Understanding Savings

savings accountsHave you ever really thought about how savings works or how much savings you will need in the future? If not, now is the perfect time to start planning ahead and making your money work harder for you. By continuously putting some money aside in a high interest savings account now, you will have a sizable nest egg in the future.

Most banks and credit unions offer some type of interest on their savings account. How much interest and how much you can earn depends on a couple of different factors. Understanding these different factors and how they affect your money will help you select the right account to increase your earnings.

The main factors that may determine the rate you receive include some of the following:

- The cash rate which is set by the RBA as this will determine what the banks get and may or may not pass on to you.
- The size of your deposit
- The length of time of your deposit

Beyond the above factors, the biggest component to understand for wealth creation through savings is “compound interest”.

Compound Interest
Having a basic understanding of how compound interest works is important. With compound interest, the amount of interest you earn each year is added directly to your principle. This allows this interest amount to be included when calculating interest in future years.

For example, say you deposit $1000 into a savings account with a 7%t interest rate, and you do not touch this money or make any other deposits. At the end of the year, your money will earn 7% of the principal amount invested or $70.00 (7% x 1000). You now have $1070 in your account. At the end of the next year, you will earn another 7% on $1070 or $74.90 (7% x 1070). Now you have a total of $1144.90 in your account.

While this may not seem like a lot, over time this will really add up. For example, if you let this money sit in the account for 10.3 years without touching it, your money will double. An easy way to calculate this figure is to use The Rule of 72. By dividing 72 by whatever your current interest rate is, you will get the number of years it takes to double your money.

While this may not sound like much at first, this does not include any additional funds you may add to your savings account. Lets say that you add $40 a month to your new principal above of $1144.90 for the next 20 years at 7%, you would receive a total of $25,461 in the 20th year – that equates to $14,716 in interest made.

Use this compound interest calculator to look at other potential earnings based on different deposits, interest rates and length of time.

When looking at opening a savings account, its important to have an idea of what you are trying to achieve. Are you creating an account for the long, mid or short term? Regardless of your purpose for saving, a savings account is a great vehicle to help you achieve your financial goals.

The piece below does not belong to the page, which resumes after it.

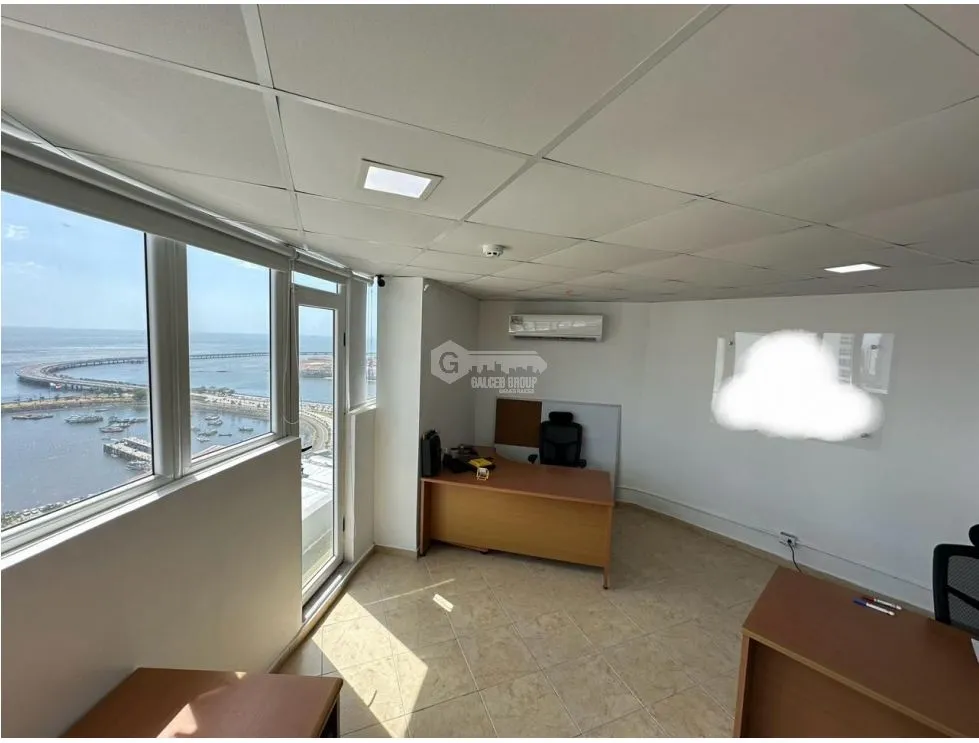 Office for sale in Panama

Below are a few other things to be mindful of when it comes to savings accounts.

Things to Watch Out For
Not all savings accounts are created equal and what seems to good to be true is often not.

- Fees, charges, and penalties. These are generally based on different balance requirements, early or number of withdrawals and transfers.
- Teaser rates where banks will advertise great initial rates which then change to a less favorable rate after a certain period (fixed for a period and then changes)
- Certain accounts may have penalties for depositing to much or missing a required monthly deposit

Using a compound interest calculator you can quickly determine the type of money you can earn based on rate, deposit(s) and time. The one thing a calculator can’t do is make sure you adhere to the terms of the account you open. It is really important to read the fine print (terms) carefully and be comfortable with the terms you are agreeing to, to ensure your reach your savings goals.